10 June 2004
H. E. Javier Solana
High Representative of European Union
For the Common Foreign and Security
Clearly the EU-GCC resolution of 19 May 2004 was the main source of encouragement for Abu Dhabi to commit the armed assault on the Iranian boat in the territorial waters of Abu Musa on Thursday June 3rd 2004, in spite of the fact that Abu Musa's territorial waters are under joint Iranian-Sharjah Sovereignty. The UAE assault was an aggressive act designed to trigger a chain reaction that would overthrow regional peace and stability that was achieved through years of Arab-Iranian hard work and cooperation. Hence, the European Union can be held responsible for encouraging this naked act of aggression by the UAE.
Reports on Wednesday 19th May 2004 had it that in a statement issued at the end of a joint meeting of Gulf Cooperation Council and EU ministers, the two sides called for an urgent resolution, through direct negotiations or international arbitration, of the UAE dispute with Iran over the three Persian Gulf islands of Tunbs and Abu Musa. The statement told the two sides to negotiate, and if they could not find a way, refer their dispute to an international judicial institution. Having described this statement as interfering in internal affairs of Iran and giving recognition to the UAE view that it has territorial 'disputes' with Iran, I heard your spokesman Christina Gallach stating to the international media that: the (EU-GCC) resolution does not take sides, and does not mean EU's interference in national affairs of either country. This of course is not true, and as will be explained in details, the resolution in question both interferes in Iran's internal affairs and sides with the United Arab Emirates, recognizing the claim that it has 'territorial disputes' with Iran. Otherwise, the Director General of the Gulf Cooperation Council, who is known for his radical Arab nationalist tendencies, would not bother to use its influence through the EU and GCC Common Commission and arrange for such a high-powered meeting to come up with such a resolution.

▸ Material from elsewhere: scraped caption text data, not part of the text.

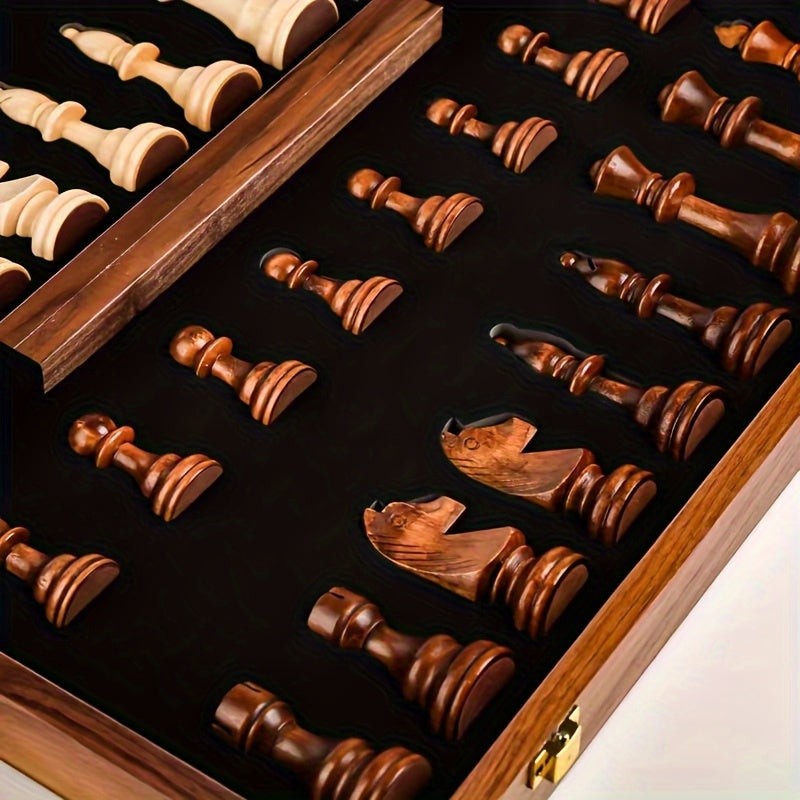 Folding walnut chess set with weighted wooden pieces - product photo 4
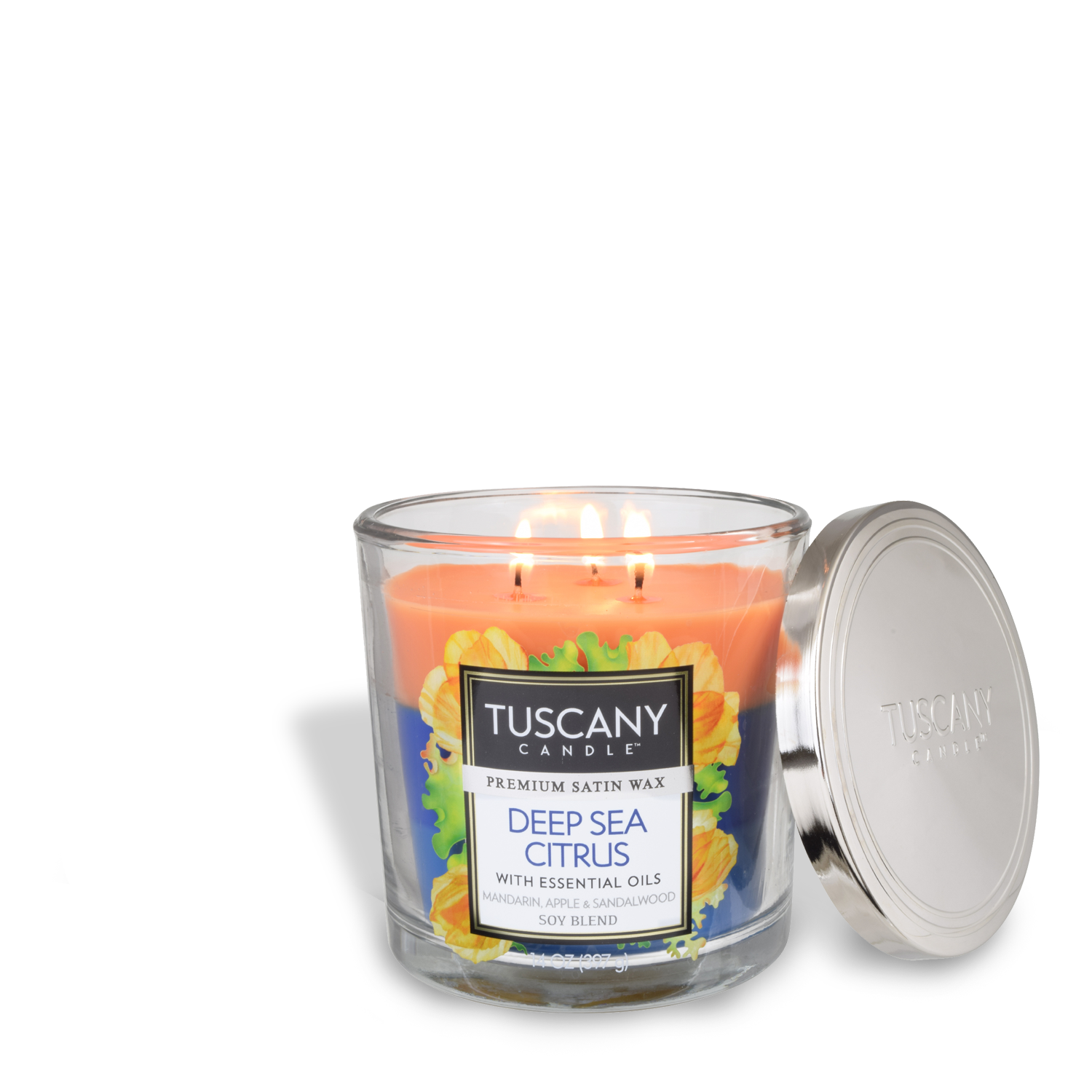 Langley Empire Candle Tuscany 18oz Scented, Sea and Sand 2-Pack, TC-18273x2, 18oz (510g) x 2 [Excluding Glass Jar Weight], Light Blue to Mild Red 3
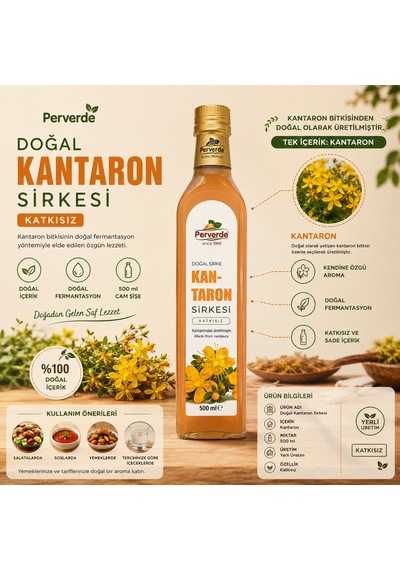 Kantaron Sirkesi 500 Ml Doğal Fermente Sirke Geleneksel Üretim Katkısız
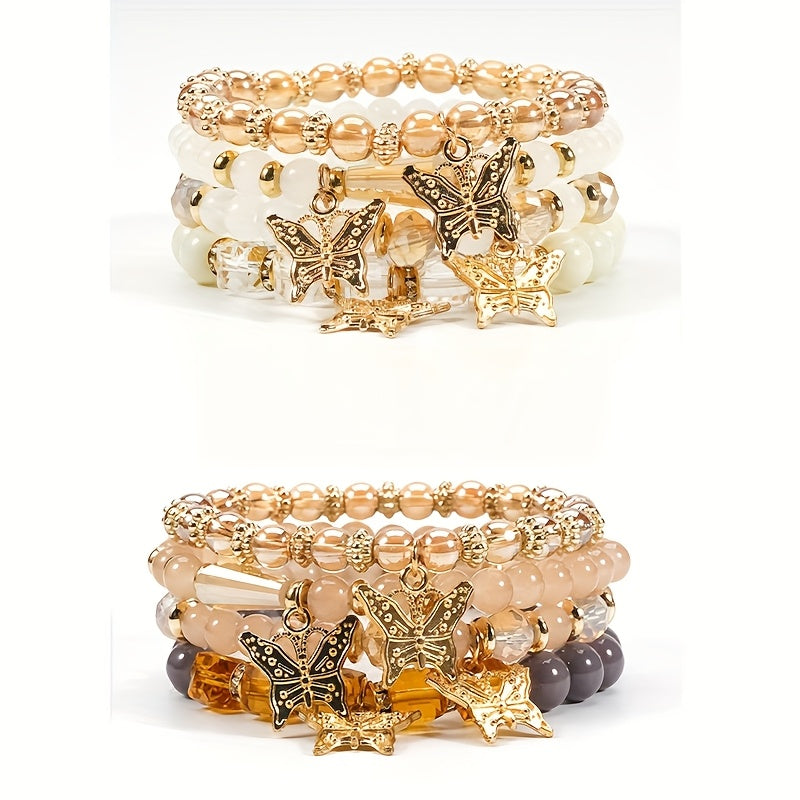 Butterfly Beaded Bracelet Set for Women Boho Stackable – 4 8 16pcs Sparkle Multi-Layered Elastic Charm Bracelets, Bohemian Wrist Jewelry Perfect Birthday Holiday Gift for Her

Abdul Rahman Al-Atiyah, the current Secretary General of the Gulf Cooperation Council once before publicly demonstrated his radical nationalistic tendencies. In May 2003 meeting of the Islamic Conference Foreign Ministers in Tehran he broke the order of the meeting and intrusively propagated Abu Dhabi's illegal claims on Iranian territories without prior warning and without any respect for the agenda of the meeting. In that intrusion he ignored the common practice of the Arab world in refraining from the use of the fabricated name for the Persian Gulf in international relations as the term "Gulf Cooperation Council" is the best example in this context, and referred to the Persian Gulf in Tehran with the name that has been fabricated by ultra-Arab nationalists like Saddam Hussein to demonstrate their anti-Persian sentiments.
Your Excellency, before endorsing the issue of any resolution on the subject of the three islands of Tunbs and Abu Musa you were expected to know all about what the GCC director general and the chiefs of Abu Dhabi consider as UAE "territorial disputes" with Iran. It is for such background information that I present to Your Excellency the attached text which is a brief account of the geographical, historical and legal aspects of the issue of these three islands in the Persian Gulf.

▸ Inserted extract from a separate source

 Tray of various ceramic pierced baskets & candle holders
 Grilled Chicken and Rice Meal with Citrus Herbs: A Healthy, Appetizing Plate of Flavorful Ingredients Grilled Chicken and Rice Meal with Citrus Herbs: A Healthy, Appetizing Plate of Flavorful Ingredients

Similarly, before endorsing any resolution interfering with Iran's territorial rights over these islands, you were expected to ask for the relevant files in the Foreign and Commonwealth Office of Great Britain, a member-state of the European Union, and to see for yourself that the three islands in question were returned to Iran in November 1997 through legal process. Having done so you would see at least my letters of July 10, and August 12, 1997 in which I convinced British Minister of State for Foreign (Middle Eastern) Affairs that his interference with the subject of these islands in conjunction with Abu Dhabi's endeavour in politicizing and internationalizing the case of its claims would jeopardize his country's impartiality in the matter of Abu Dhabi's territorial agitations against Iran.
However, your spokesman's assertion that the EU-GCC resolution of 19 May 2004 does not take sides, and does not mean EU's interference in national affairs of either country is not true because:
1- Considering that all countries of the world (except for the former Baath regime of Iraq) have declared impartiality in the United Arab Emirate's territorial agitation against Iran, to speak of the necessity of solving the "disputes" between the two sides, is to officially recognize existence of territorial disputes between Iran and the UAE. Although Abu Dhabi by resorting to such description of its claims against Iran is trying to give the impression of legitimacy to its illegal claims, the fact from the Iranian point of view is that there is no "dispute" between the two countries and all that is there, is a one sided claim to the Iranian territories by Abu Dhabi. The issue of a communiqué by the European Union in association with the Gulf Cooperation Council that would refer to the existence of such a "dispute" between the two countries, which is exactly the impression that Abu Dhabi wants to create, will mean that the European Union has last its impartiality and has sided with Abu Dhabi's position.
2- The advice on urgent resolution of the UAE dispute with Iran can only be addressed to the United Arab Emirates by urging it to bring to an urgent end the "dispute" it has manufactured against Iran.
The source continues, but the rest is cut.